Spicy Roast Chicken
Total Time: 1 hr 20 mins
Preparation Time: 10 mins
Cook Time: 1 hr 10 mins
Ingredients
- Servings: 4
- 4 1/2 tablespoons oyster sauce
- 2 tablespoons soy sauce
- 1 1/2 tablespoons ketchup
- 1 1/2 tablespoons packed light brown sugar
- 2 tablespoons minced garlic
- 1 1/2 tablespoons minced peeled fresh ginger
- 5 small shallots, minced
- 1 1/2 teaspoons hot chili paste
- 4 1/2-5 lbs chicken
- steamed rice (to accompany)
Recipe
- 1 for marinade: in a large bowl, stir together marinade ingredients.

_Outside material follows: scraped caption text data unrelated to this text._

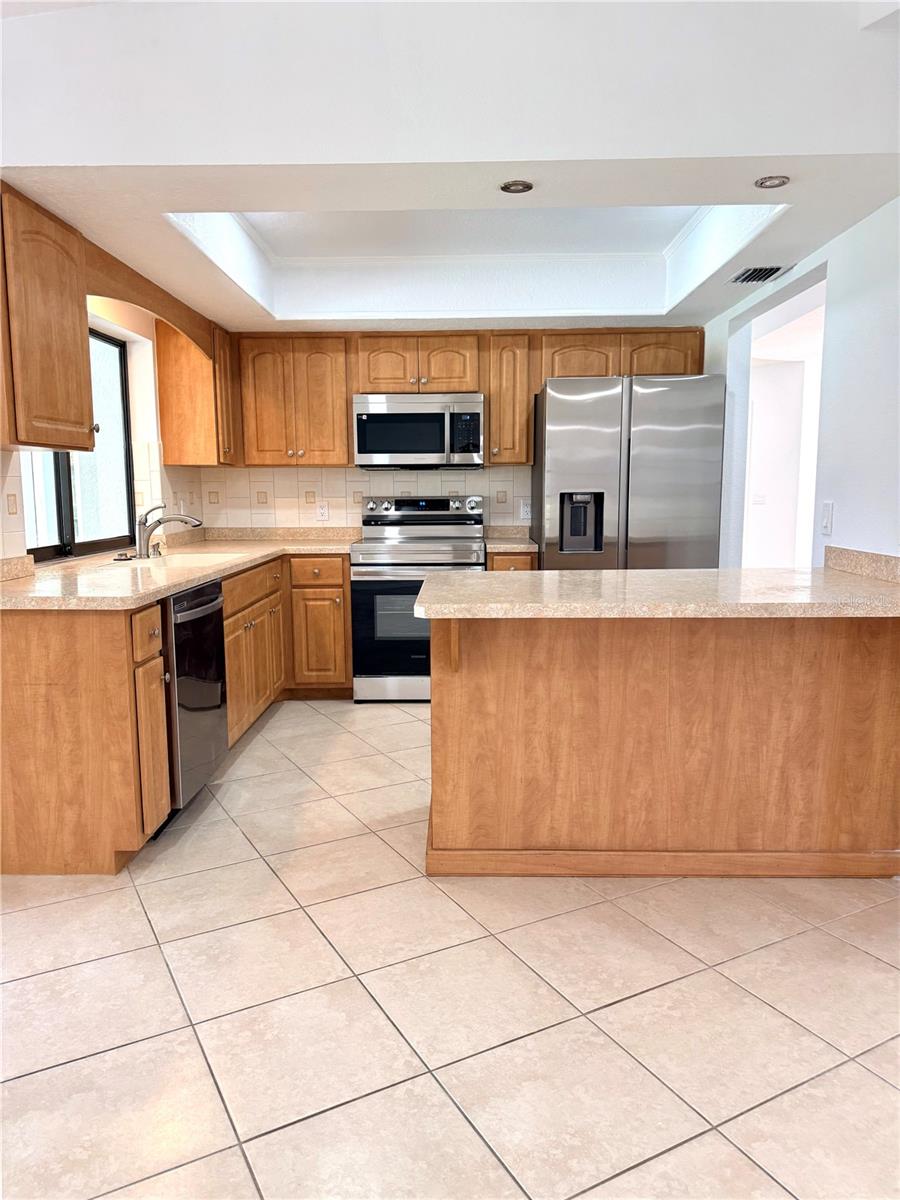 PUNTA GORDA ISLES SEC 23 - Residential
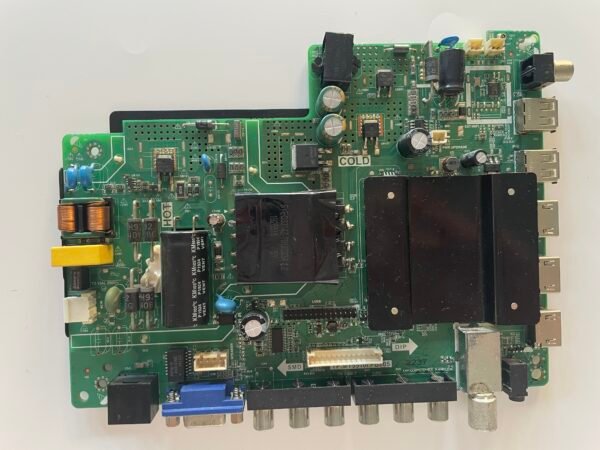 Placa MainBoard TP.MT5510I.PB805 - Image 2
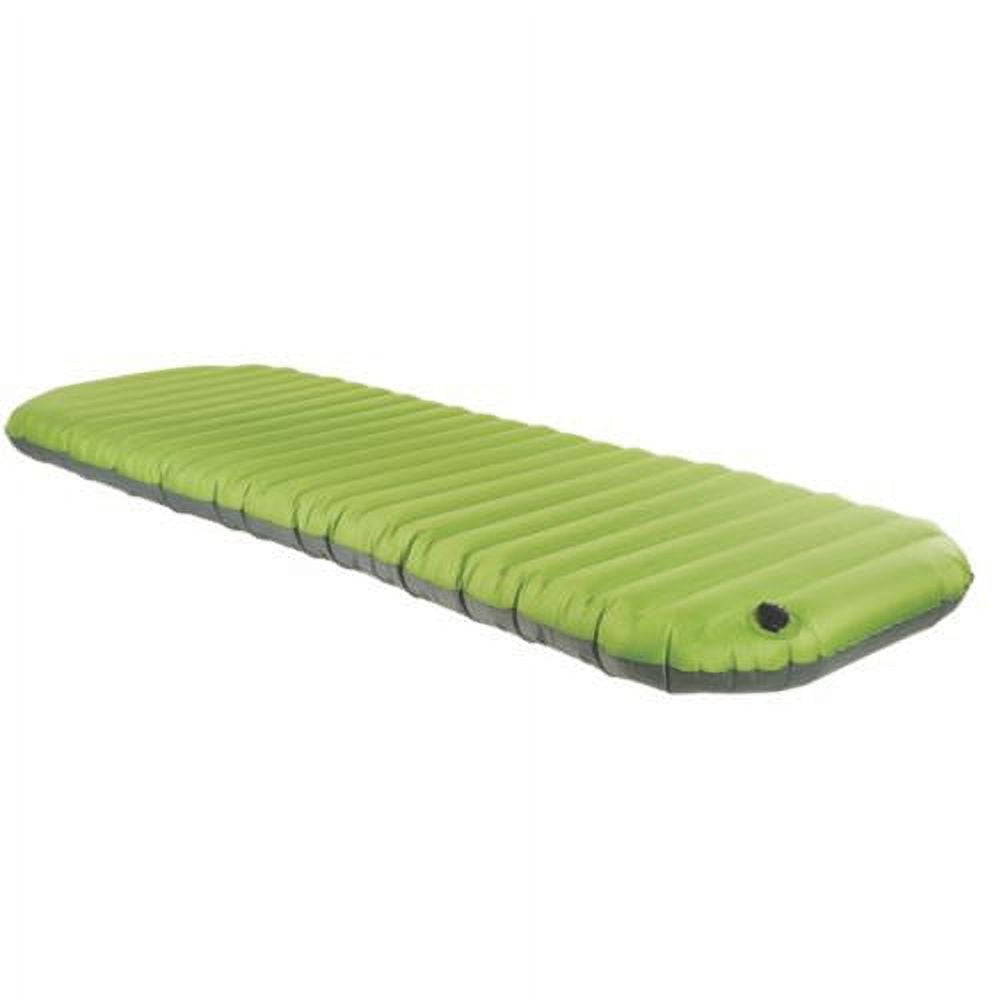 Aerobed 78" x 26" x 5" Air Mattress with 350 lb. Weight Capacity 2511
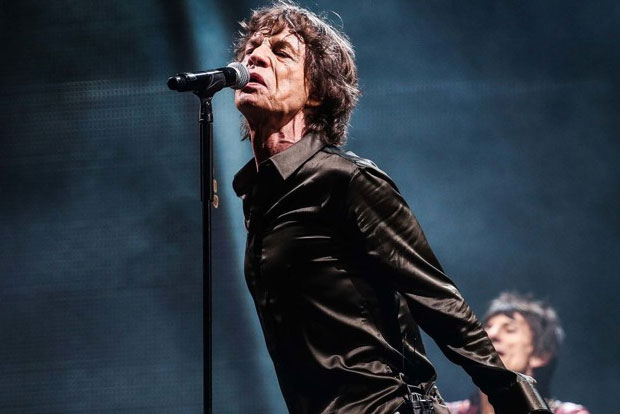 O segredo de Mick Jagger da vida eterna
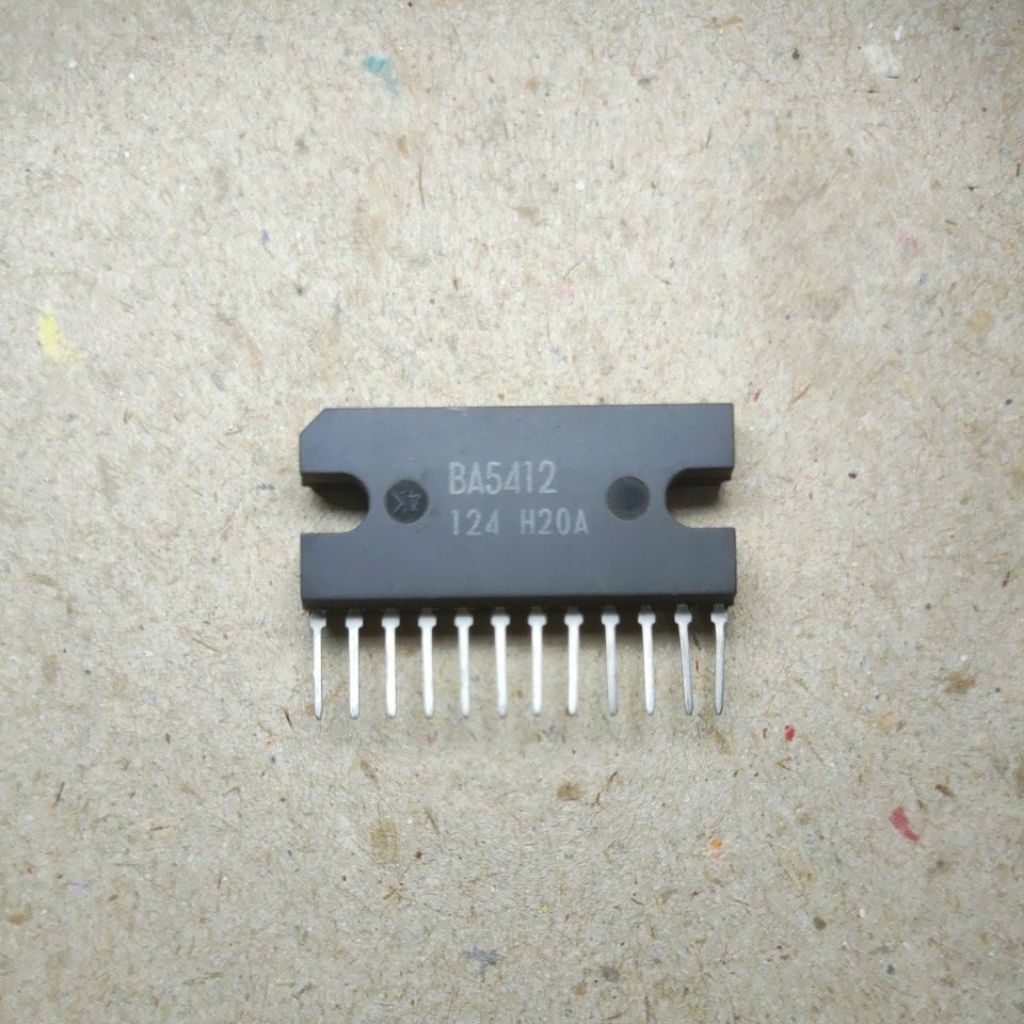 IC BA 5412 ORI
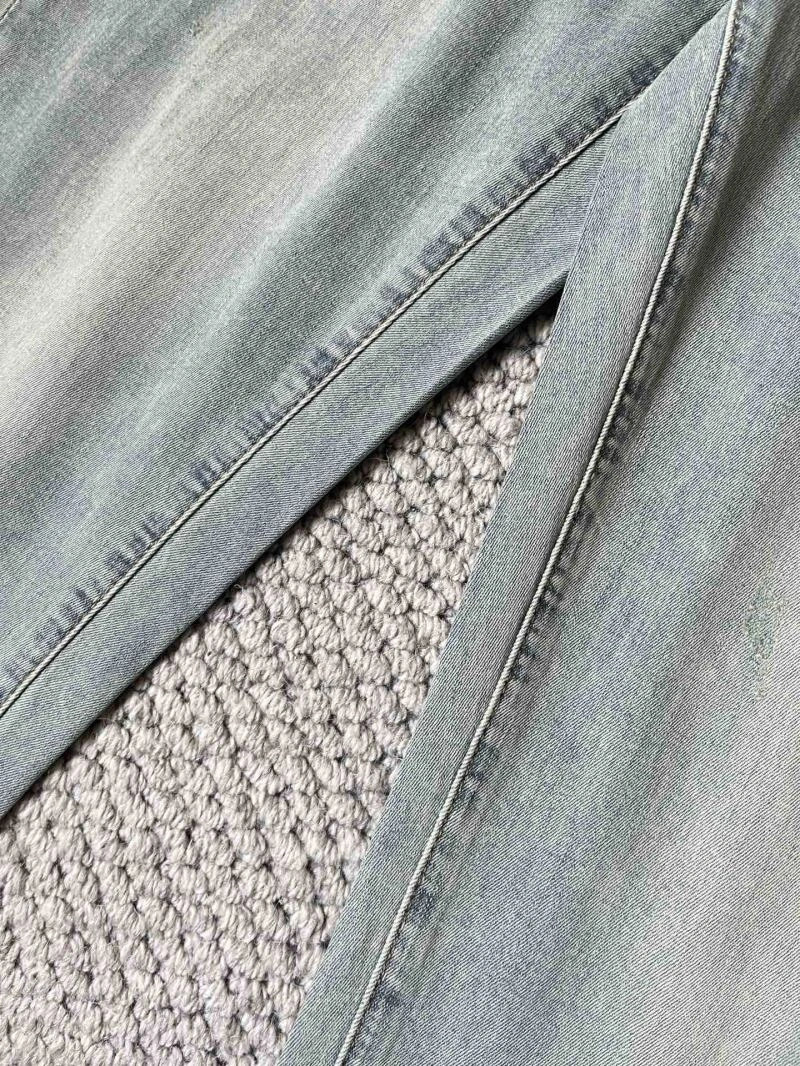 Louis Vuitton Jeans Versatile 135916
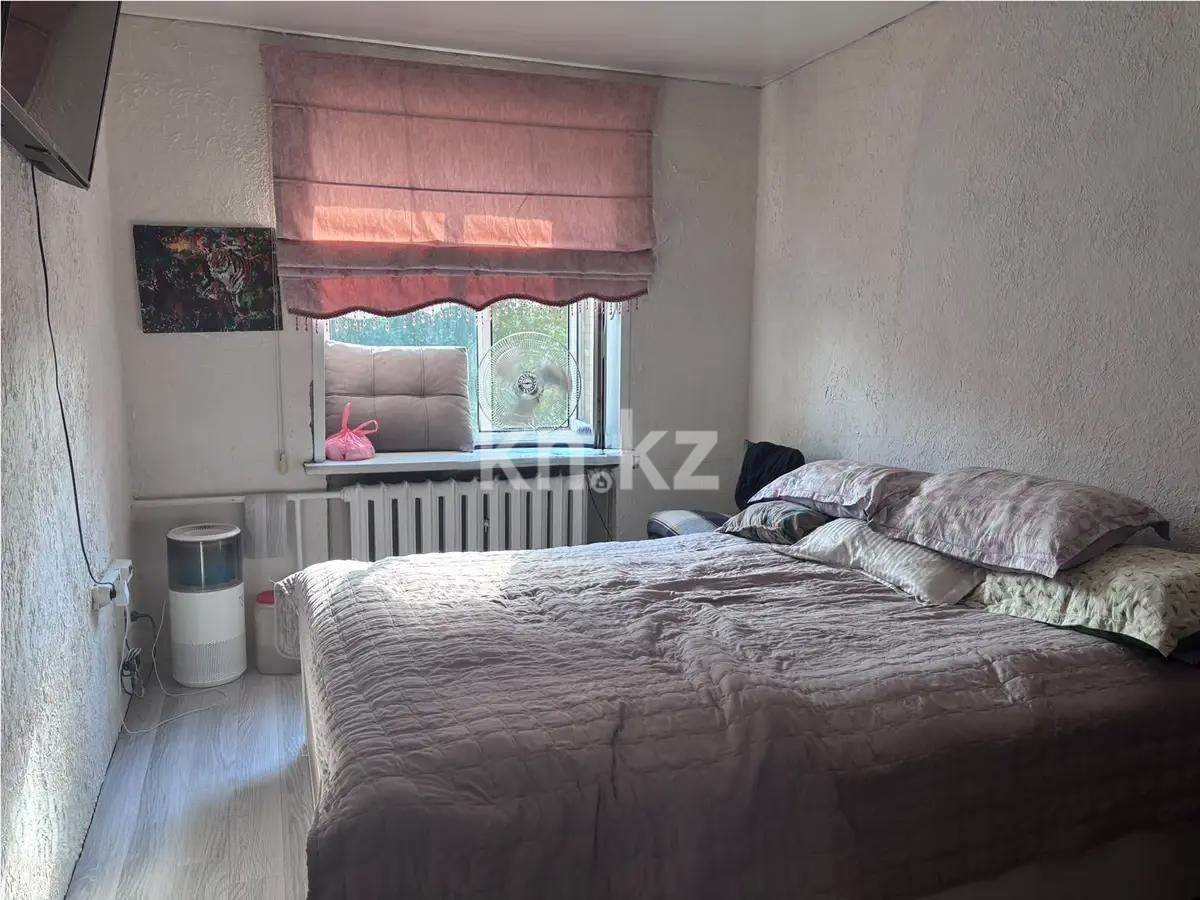 Продажа 3-комнатной квартиры, 63 м² в Караганде - фото 3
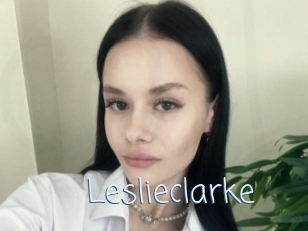 Leslieclarke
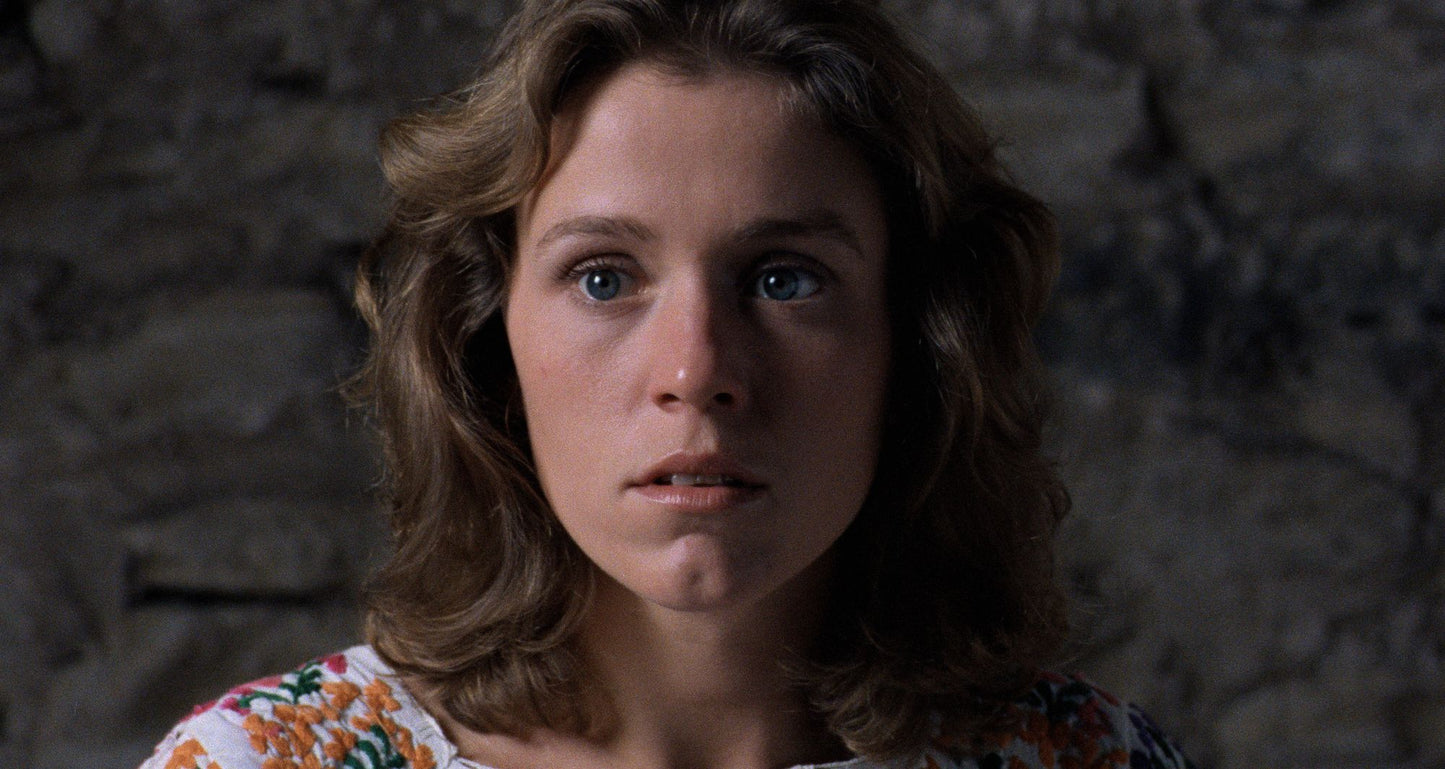 Blood Simple /Uhdbd (4K) (Wbr) (Ac3) (Dts) (Sub)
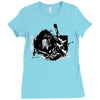 kylo Ladies Fitted T-Shirt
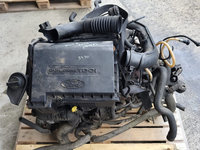 Motor complet fara anexe Ford Transit 2007 2.2Tdci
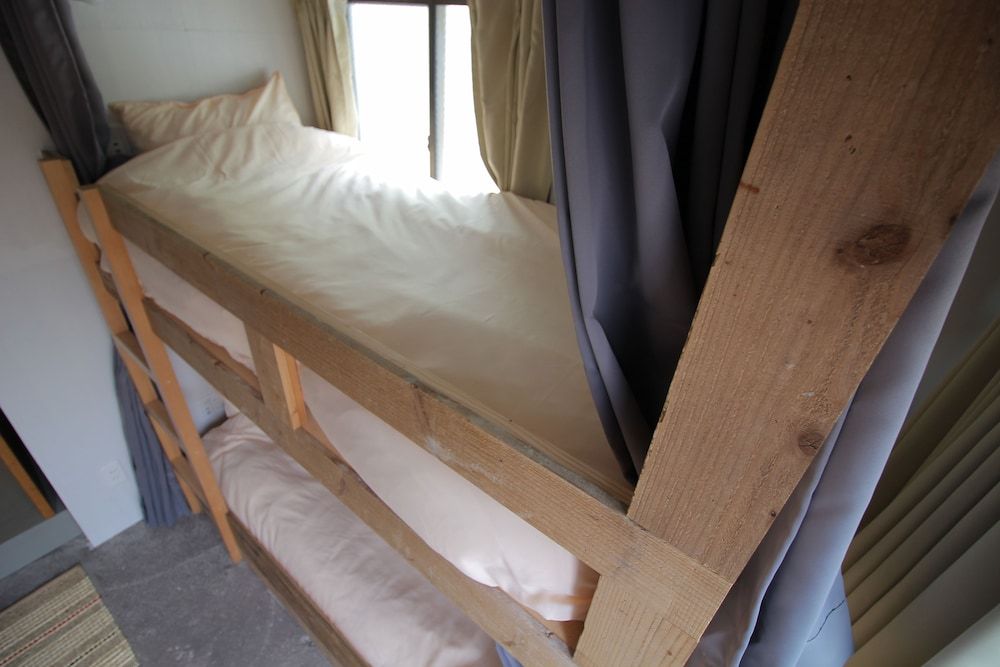 Koru Takanawa Gateway Hostel Cafe&Bar Mixed Dormitory, City View 5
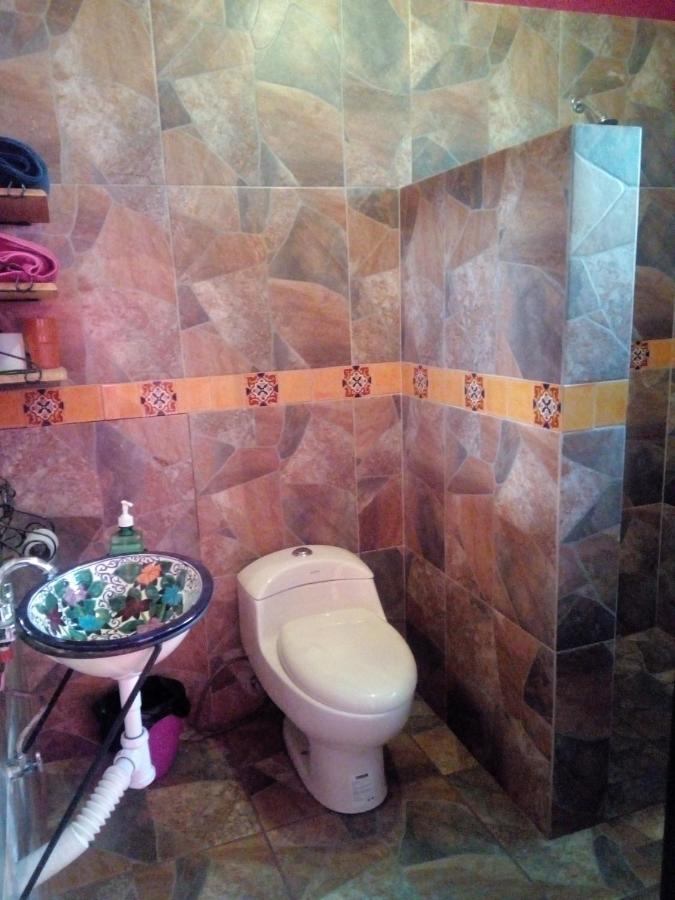 Casa Santuario Hotel Boutique Гвадалахара Экстерьер фото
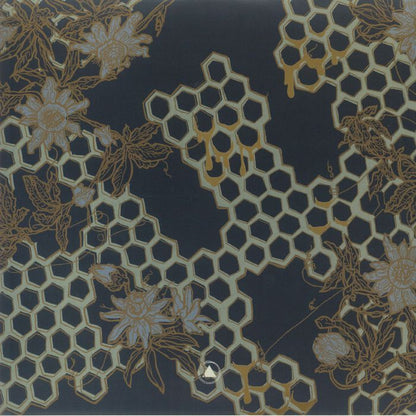 Thou – A Primer Of Holy Words (LP, Sacred Bones Records, 2022) Back Cover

- 2 rinse chicken inside and out and pat dry completely.
- 3 remove excess fat from chicken and prick skin all over with a fork so that marinade can penetrate.
- 4 add chicken to marinade and rub inside and out to coat.
- 5 marinate chicken, covered and chilled, at least 4 hours and up to 1 day (closer to a day is better for flavour).
- 6 preheat oven to 425f and line your roasting pan with aluminum foil.
- 7 arrange chicken, breast side down, and pour marinade over it.
- 8 roast chicken in middle of oven 30 minutes.
- 9 turn chicken breast side up and baste with pan juices.
- 10 roast chicken, basting occasionally, 40 minutes or more, until cooked through and skin is golden-brown. (if you find chicken is getting too dark, tent loosely with aluminum foil).
- 11 let chicken stand, loosely covered, 10 minutes before carving.
- 12 skim fat off juices and serve with chicken and steamed rice.